## [Task]
Skip the images and print the listing exactly.

## [Recorded data]
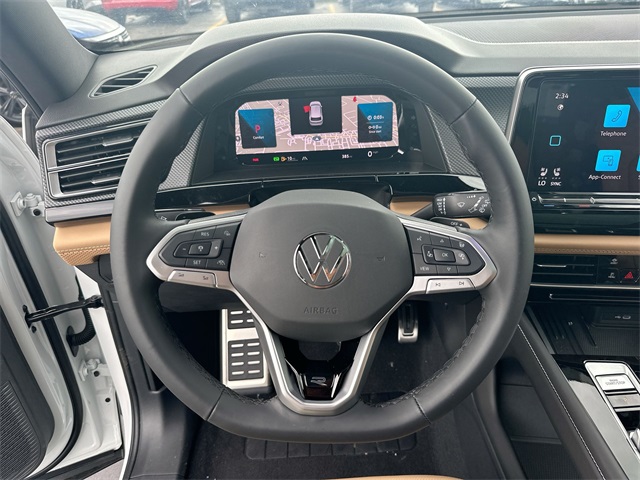 2025 Volkswagen Atlas Cross Sport SEL R-Line photo 12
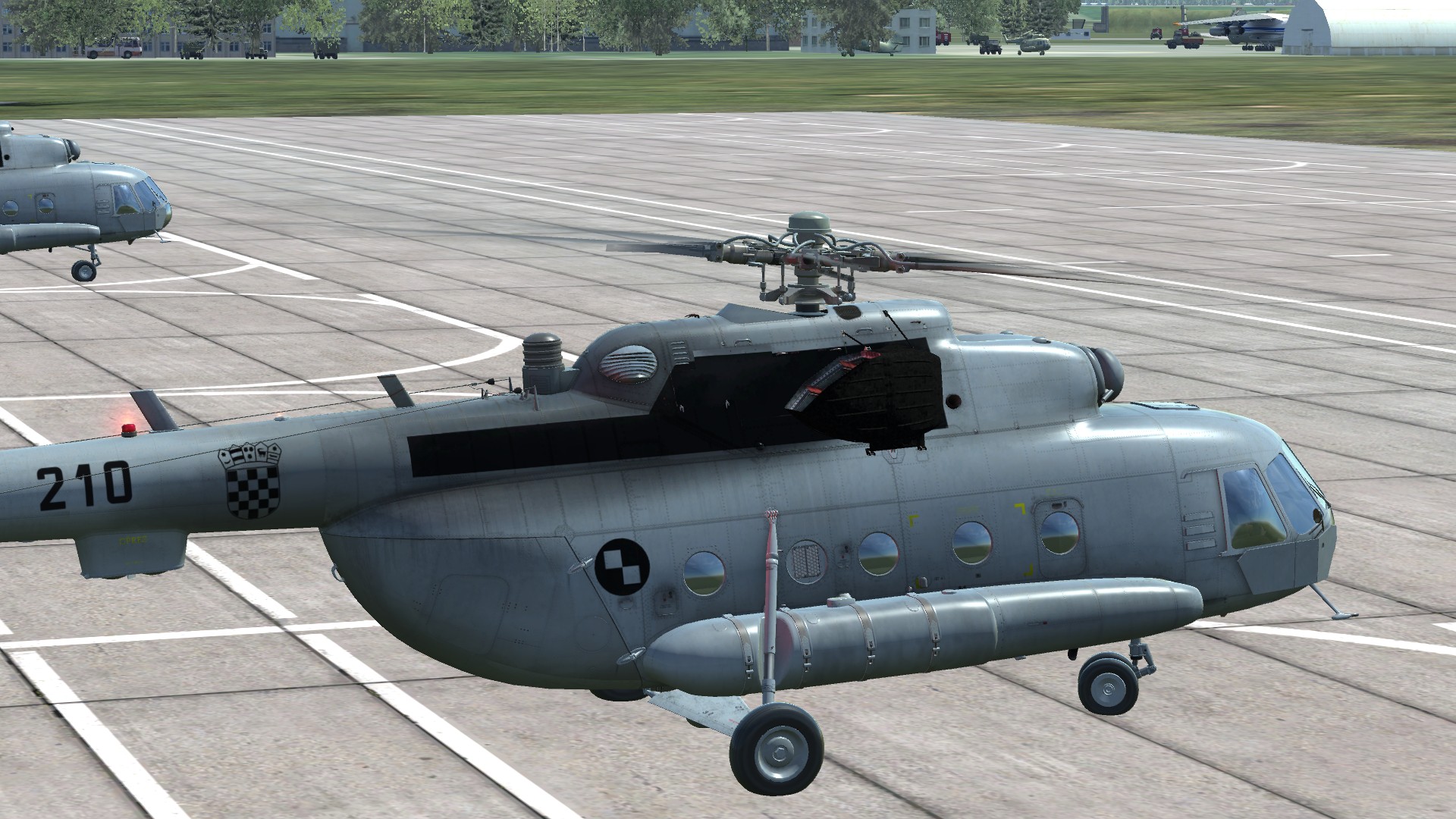 Croatian Air Force Mi-8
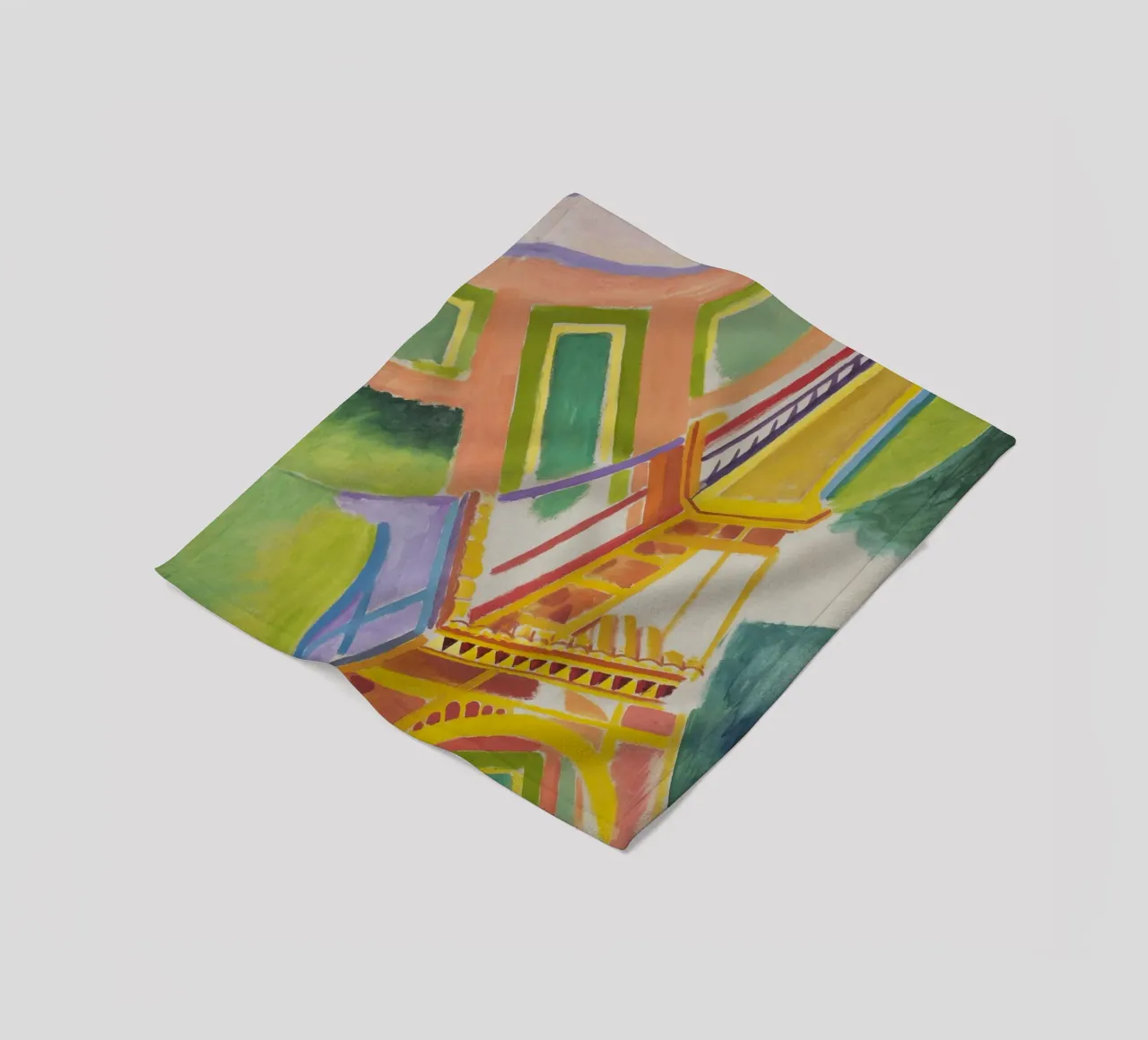 Robert Delaunay - Tour Eiffel coperta in pile da Timeless Artworks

## [Result]
 2025 Volkswagen Atlas Cross Sport SEL R-Line photo 12
 Croatian Air Force Mi-8
 Robert Delaunay - Tour Eiffel coperta in pile da Timeless Artworks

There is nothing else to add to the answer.